EXERCISE: The finished copy should hold every entry exactly as given, and no pictures.

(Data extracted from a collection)

☆ ☆ ☆ ☆ ☆ ☆ ☆

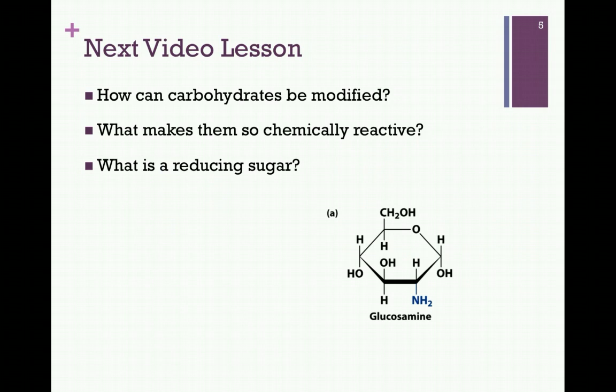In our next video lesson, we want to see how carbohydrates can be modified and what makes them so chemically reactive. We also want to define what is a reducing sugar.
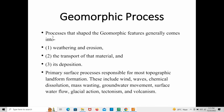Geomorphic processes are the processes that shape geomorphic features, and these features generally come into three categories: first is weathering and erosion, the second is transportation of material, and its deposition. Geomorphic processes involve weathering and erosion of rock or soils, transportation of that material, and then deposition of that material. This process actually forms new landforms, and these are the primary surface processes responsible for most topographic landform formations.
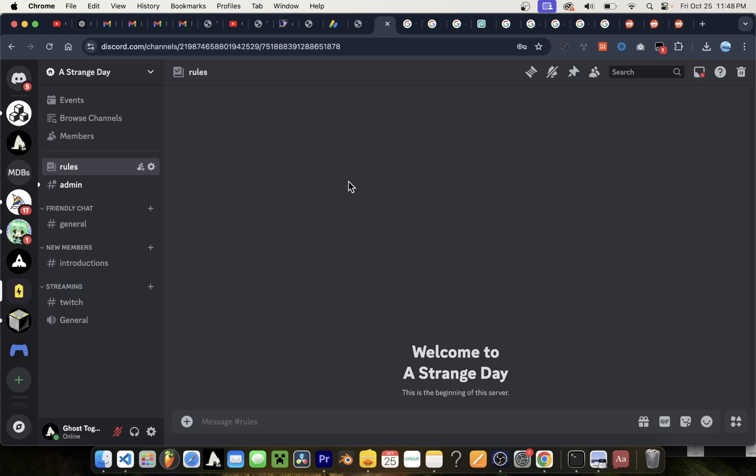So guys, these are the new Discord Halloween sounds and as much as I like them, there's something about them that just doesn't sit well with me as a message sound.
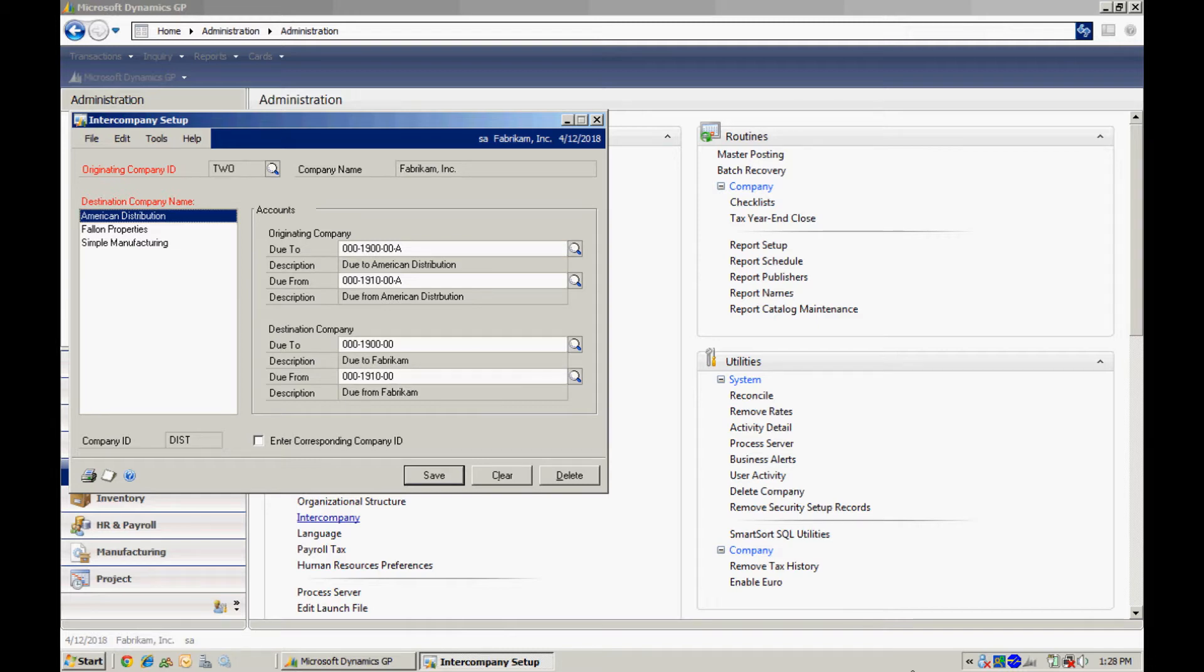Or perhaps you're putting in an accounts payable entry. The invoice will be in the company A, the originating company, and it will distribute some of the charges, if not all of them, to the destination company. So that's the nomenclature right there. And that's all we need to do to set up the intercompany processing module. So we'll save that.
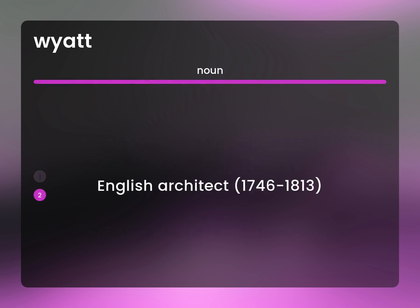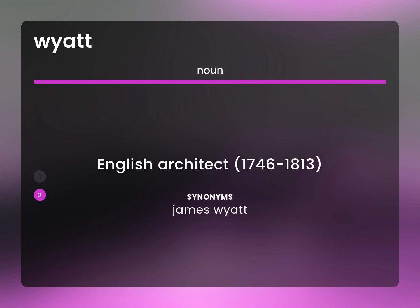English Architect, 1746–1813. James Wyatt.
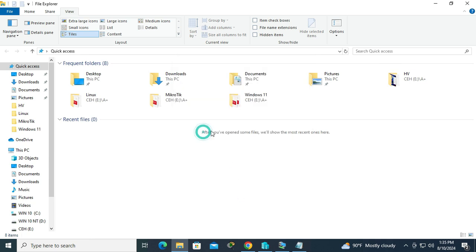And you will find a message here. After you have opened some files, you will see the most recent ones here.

☆ ☆ ☆ ☆ ☆ ☆ ☆

ANSWER BELOW:
In our next video lesson, we want to see how carbohydrates can be modified and what makes them so chemically reactive. We also want to define what is a reducing sugar.
Geomorphic processes are the processes that shape geomorphic features, and these features generally come into three categories: first is weathering and erosion, the second is transportation of material, and its deposition. Geomorphic processes involve weathering and erosion of rock or soils, transportation of that material, and then deposition of that material. This process actually forms new landforms, and these are the primary surface processes responsible for most topographic landform formations.
So guys, these are the new Discord Halloween sounds and as much as I like them, there's something about them that just doesn't sit well with me as a message sound.
Or perhaps you're putting in an accounts payable entry. The invoice will be in the company A, the originating company, and it will distribute some of the charges, if not all of them, to the destination company. So that's the nomenclature right there. And that's all we need to do to set up the intercompany processing module. So we'll save that.
English Architect, 1746–1813. James Wyatt.
And you will find a message here. After you have opened some files, you will see the most recent ones here.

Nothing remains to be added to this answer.